Re: How do I ensure everyone in the family gets some face time with my newborn, including me?
What are holidays like with a new baby? Well, Grandma A invites you over for the whole week of Thanksgiving (don’t worry about packing—she’s set up a full nursery and bought a dozen turkey-themed onesies). Grandpa B insists that he and Grandma B will tag along for baby’s first Santa photos and will have you sleep over for baby’s first Christmas Eve. After Christmas lunch, of course, it’s over to Grandpa A’s place so that he gets a piece of baby too. (And if it’s Hanukkah you’re celebrating? That’s eight days of in-law action! Sheesh.)

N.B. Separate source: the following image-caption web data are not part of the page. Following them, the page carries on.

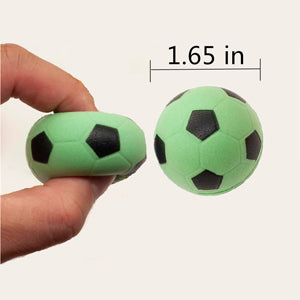 Two green foam soccer balls held by a hand with measurement label '1.65 in'.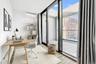Office area featuring plenty of natural light, floor to ceiling windows, an AC wall unit, and light wood-style floors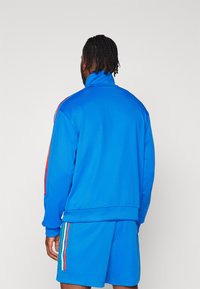 Giacca da tuta blu con collo alto e strisce laterali rosse, abbinata a pantaloni corti blu coordinati. Tessuto liscio con polsini e orlo elasticizzati.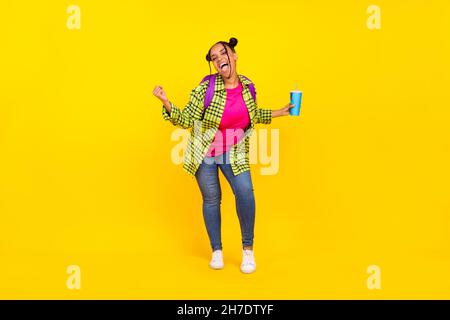 Full body photo of cheerful afro american woman wear backpack hold drink winner isolated on yellow color background Stock Photo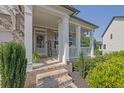 Inviting front porch with classic white columns and brick accents, creating a warm entrance at 4445 Hager Ct, Cumming, GA 30040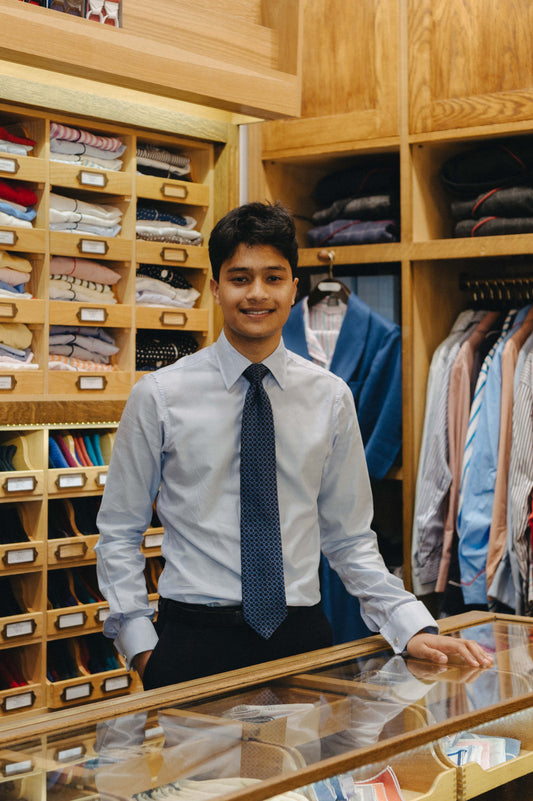 Sales consultant stood behind desk in Budd retail store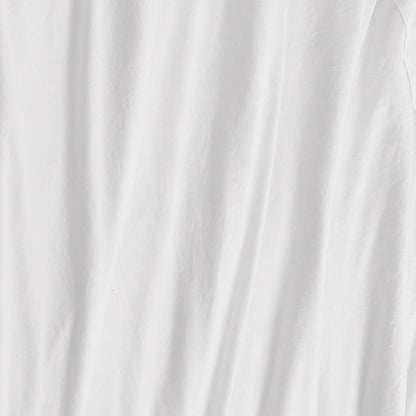 A close-up of a white fabric with soft, vertical folds and subtle wrinkles reveals a slightly textured appearance—beautifully illustrating the smooth feel of the Champion Embroidery Patch Microfiber Sheet Set for athletic-inspired bedding.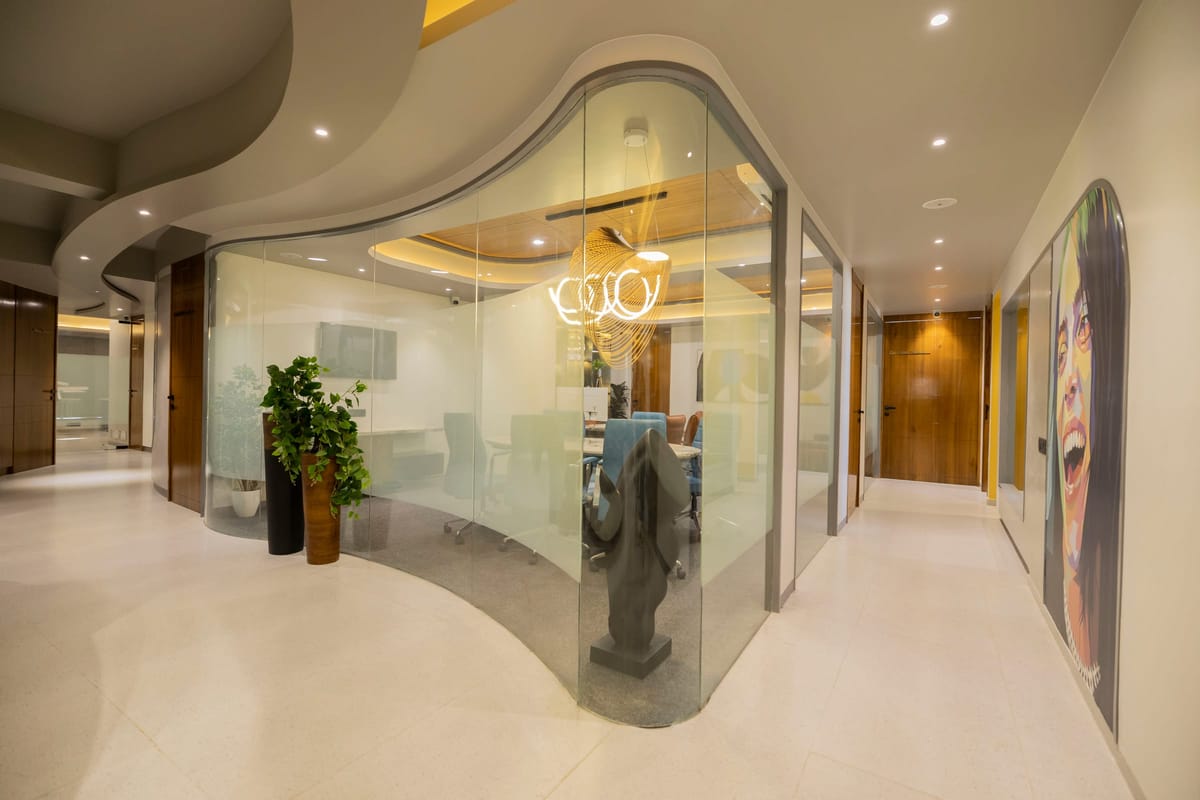 A curved glass-walled room along a corridor, with potted plants outside it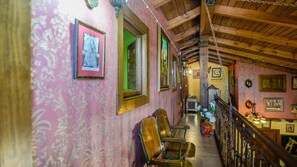 A hallway with wooden chairs, framed pictures on the walls, and a staircase with a wooden railing.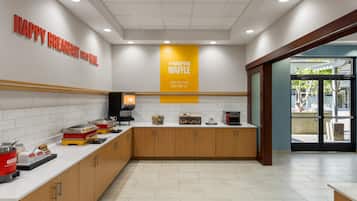 Un espace cuisine moderne doté d’un bar pour prendre le petit-déjeuner, d’un appareil à gaufres et d’une machine à café.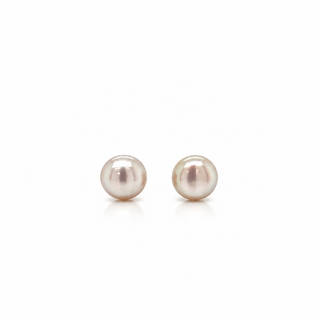 A pair of round freshwater pearl stud earrings with a soft pinkish-white luster, displayed on a clean white background.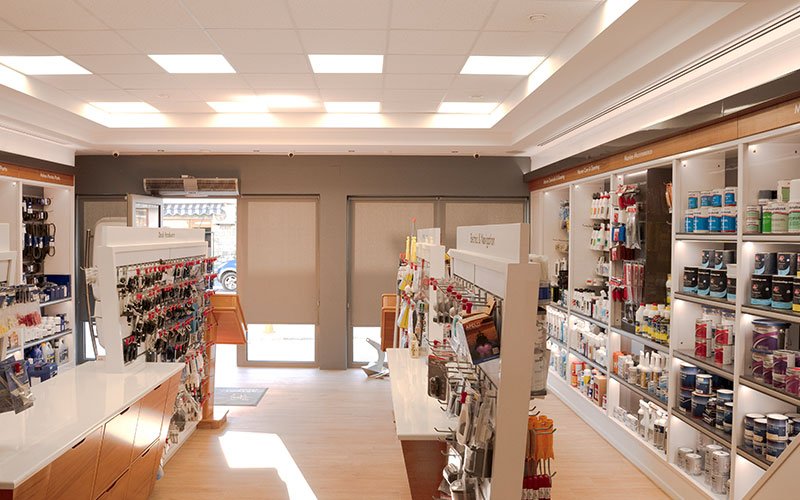 Interior view of Naval Store Yacht Supplies by Artemis Leros Boatyard, featuring light wood furniture and various products on display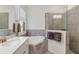 Bright bathroom featuring double sinks, soaking tub, and a glass shower with neutral finishes at 24181 Gallberry Dr, Venice, FL 34293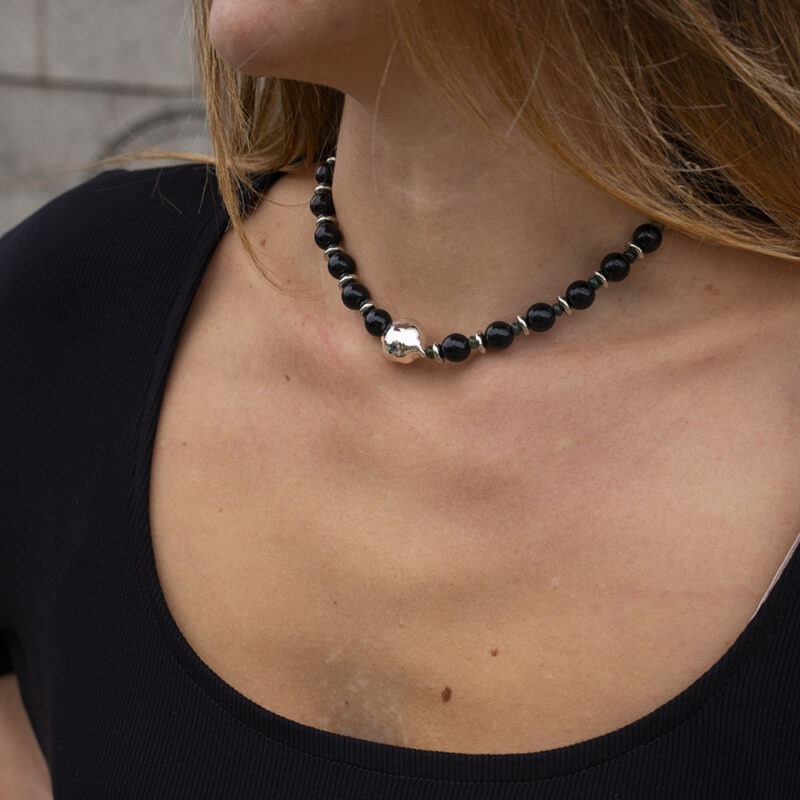 woman in black dress with black necklace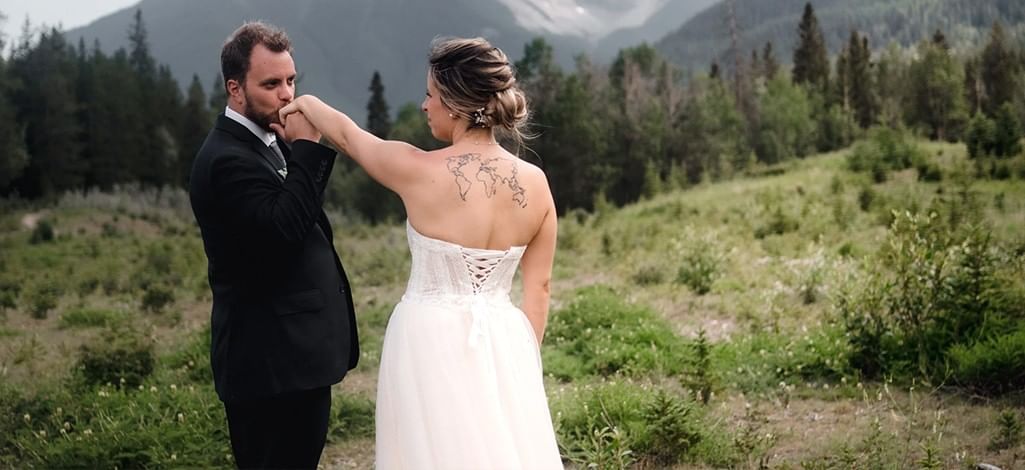 A groom kisses a bride's hand in front of the mountains after their wedding in Canmore.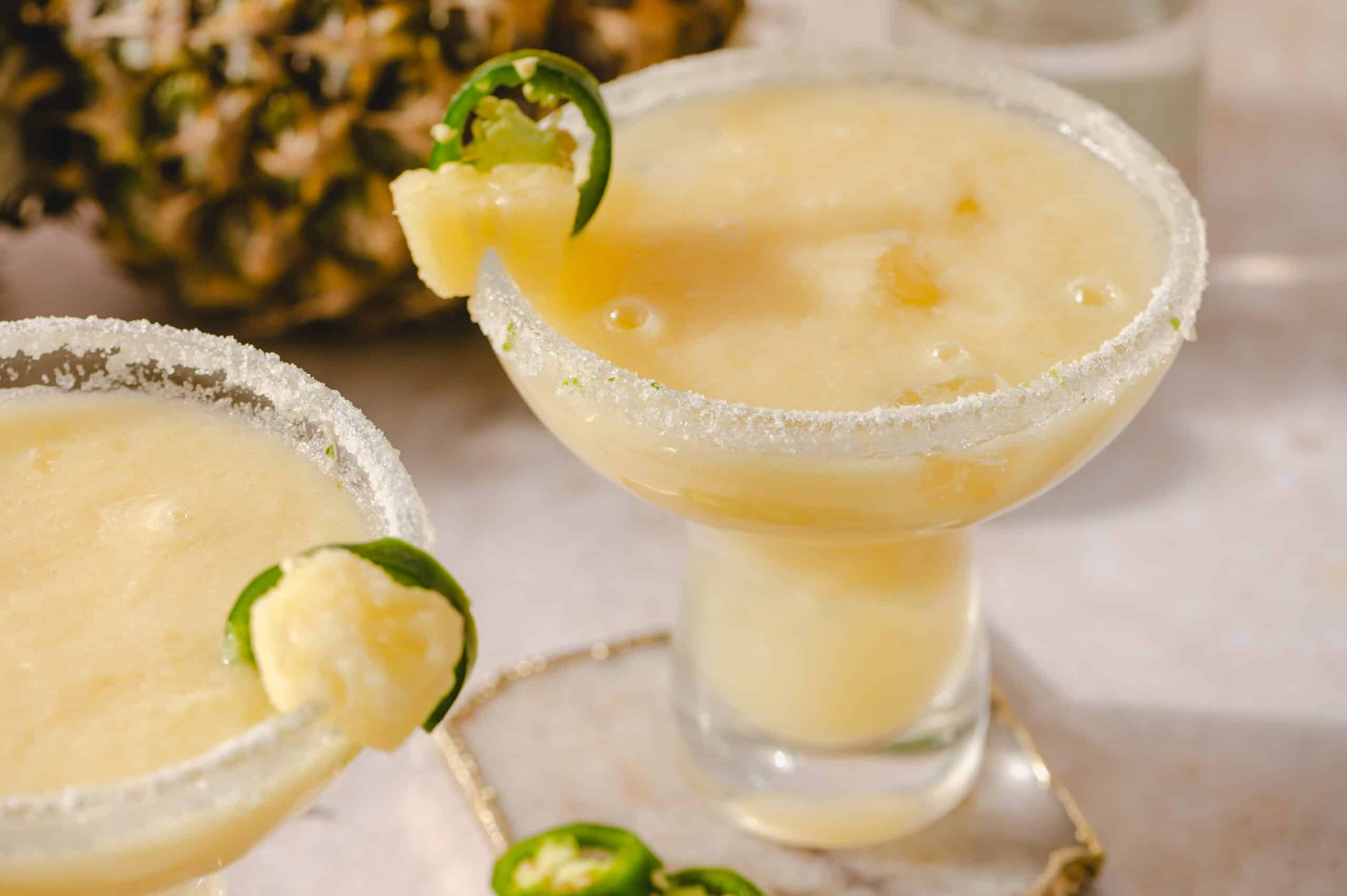 Creamy pineapple margarita cocktail with salted rim and lime garnish, served in a margarita glass, perfect for summer drinks and tropical parties.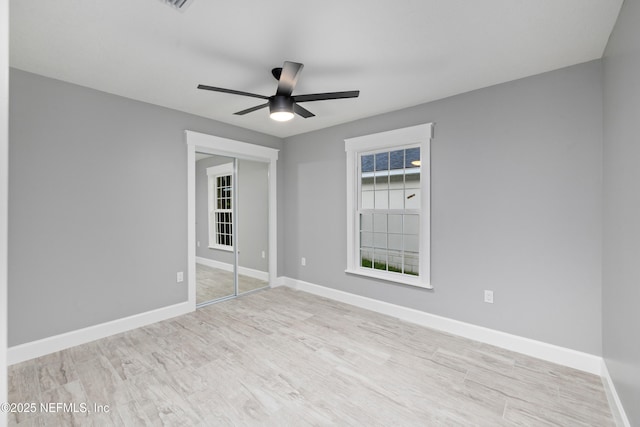 3064 Hickory Glen Dr, Jacksonville, FL 32065 - empty room featuring wood finished floors, ceiling fan, and baseboards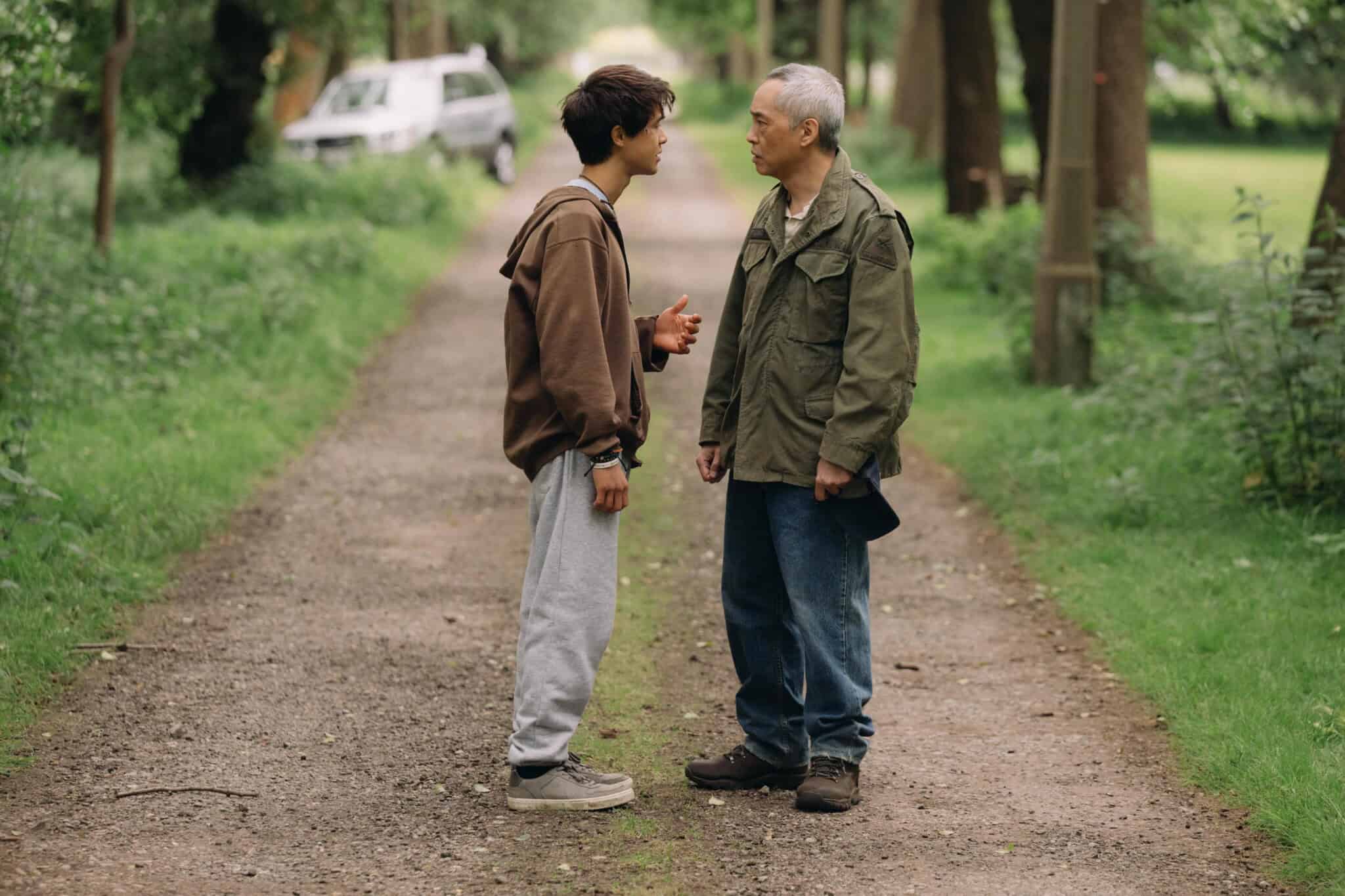 A young man and an older man stand facing each other on a tree-lined dirt path, engaged in conversation. A white car is parked in the background among the greenery.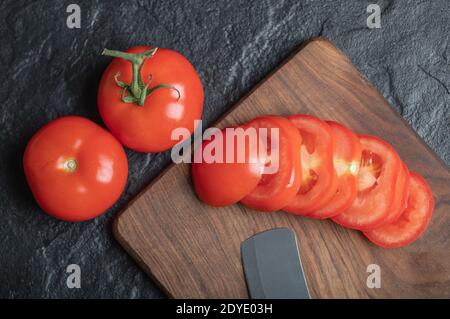 Nahaufnahme von frisch gepflückten, saftigen Tomaten auf dunklem Steinhintergrund Stockfoto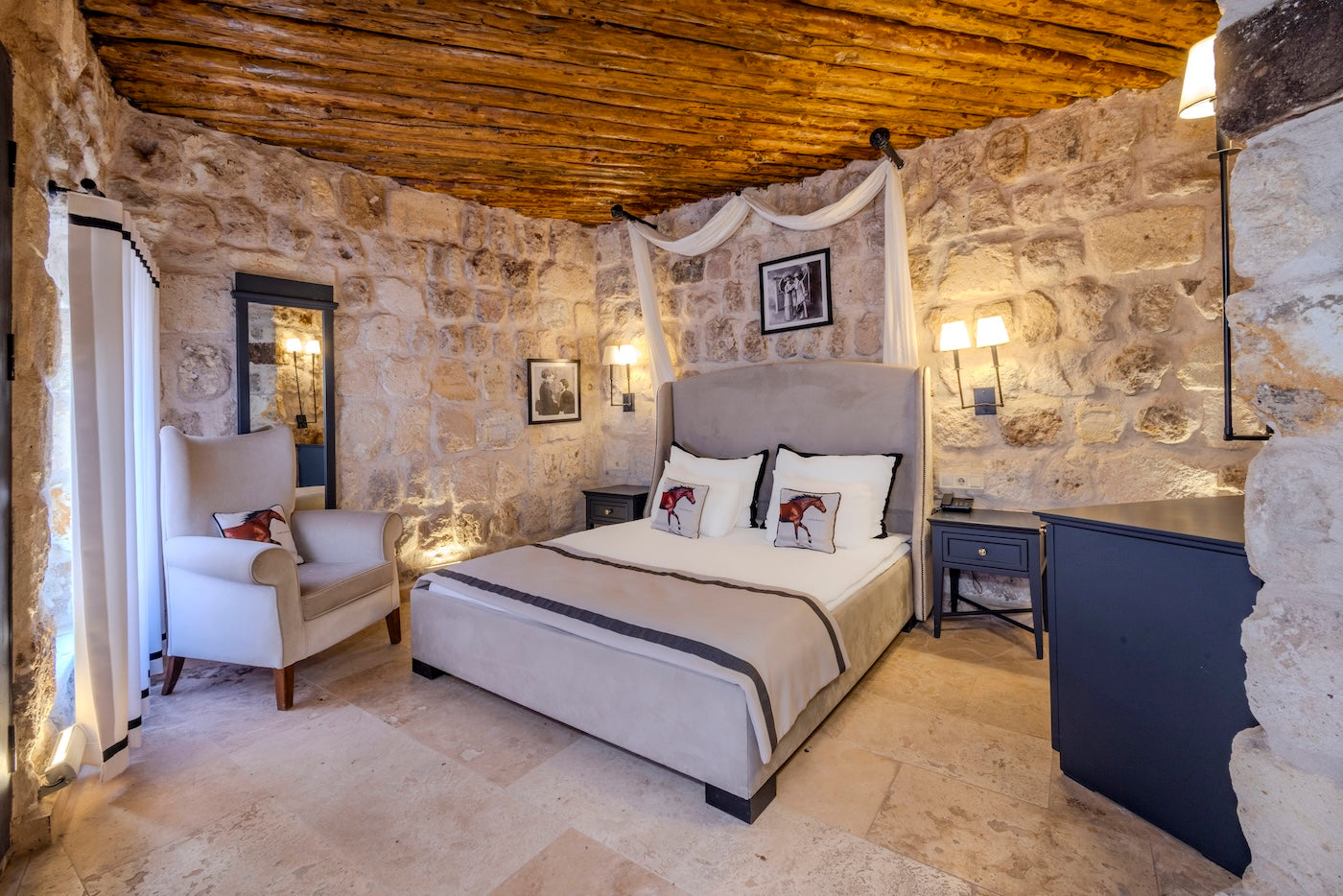 Cozy bedroom with stone walls, wooden ceiling, and a bed with white bedding.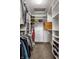 Walk-in closet with custom shelving, drawers, and ample hanging space for organized storage at 3905 Pelham Rd, Carmel, IN 46074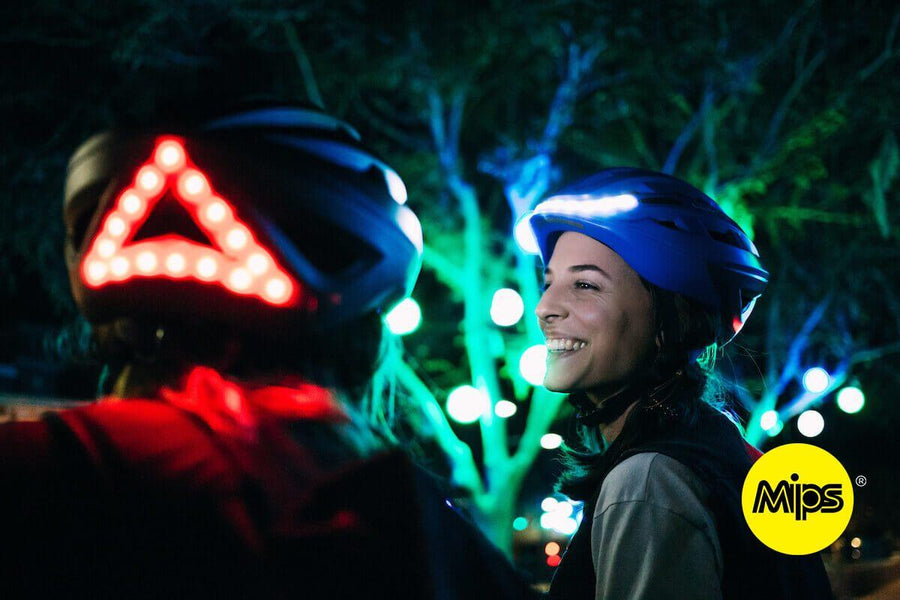 adeptes du vélo de nuit en discussion avec casque lumineux Be Mojoo avec technologie MIPS allumé 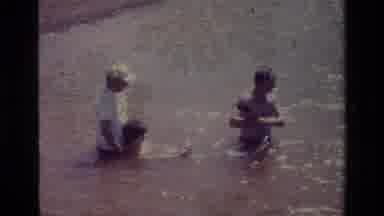 Lake Elsinore California USA (1977): Tree People In The Water With Kid Trying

Sound familiar? This sort of scenario is common, and it can be really stressful for new parents who just want to grab a few minutes alone together as a new family. Maybe you don’t want an audience for baby’s first holiday milestones. So what’s the solution? According to Tammy Gold, founder of Gold Parent Coaching, it’s all in the planning.
Make a game plan
First things first: You and your spouse have to be on the same page. This means sitting down together and really discussing how you each envision the holidays now that baby is on board. “Be open and honest,” urges Gold. You’ll need to iron out your individual ideas and decide how the two of you would like the holidays to happen. What’s important to you? Will you be creating new traditions? How much time would you like to spend alone? How much time do you want to spend with extended family and how can you make it fair? Would you consider hosting so that everyone travels to you? Hash out the challenges as soon as possible. You won’t want to wait until invitations are being issued and promises are being made.
Share the plan
Once the two of you have decided what you want to do, it's time to make it happen. “Announce your plan as soon as possible,” Gold says. “Say something like, 'We have a new baby, we're exhausted and I'm really concerned about the four-hour drive. What can we do to make it easier?'” According to Gold, it's best to make it clear that you love your folks and want to make time to be with them over the holidays, but that things are different now and there are new things to consider. Does this mean also considering the families of your siblings? Of course. “Let them all know you want to set it up so there's a little something for everyone,” Tammy says. And if your family insists that you stick to the same holiday schedule they’ve been on since you were born? Don't be afraid to refuse. “If they push, we push back and simply say no,” says jlw2505, a new mom chatting on our message boards, who limits family to two nights of Hanukkah.
Lose the guilt
Your parents may get upset when you start shaking up the holidays. Still, it's okay to give yourselves priority. “This is your new family,” Gold explains. “This family comes first.” Go ahead and set aside some time to have baby all to yourselves. “I see a lot of guilt coming from new parents surrounding this issue,” says Gold, explaining that by trying to satisfy everyone else, parents are missing out on valuable holiday time as a new family unit. “I dread that we will have to drag [our son] around for the whole day,” complains GM&DG, who plans to divide family holiday time between three full sets of grandparents. Still, she can't seem to imagine it any other way. “You can't assume what worked before will work again,” Gold points out. “This is a new family. Needs are different.” Does this mean ditching your mom's big dinner? Not necessarily. But it might mean asking Mom if she can do her dinner one night earlier this year. “It's about creating a new tradition that incorporates the old,” Gold insists.
Go with it
Your needs have been laid on the table, you've stuck to your guns and you've listened to what the new grandparents have to say. Maybe you've made a few compromises along the way. Once everyone is (relatively) on the same page, mark your calendar, shake off the stress and savor the holidays. This is a time for celebrating, after all!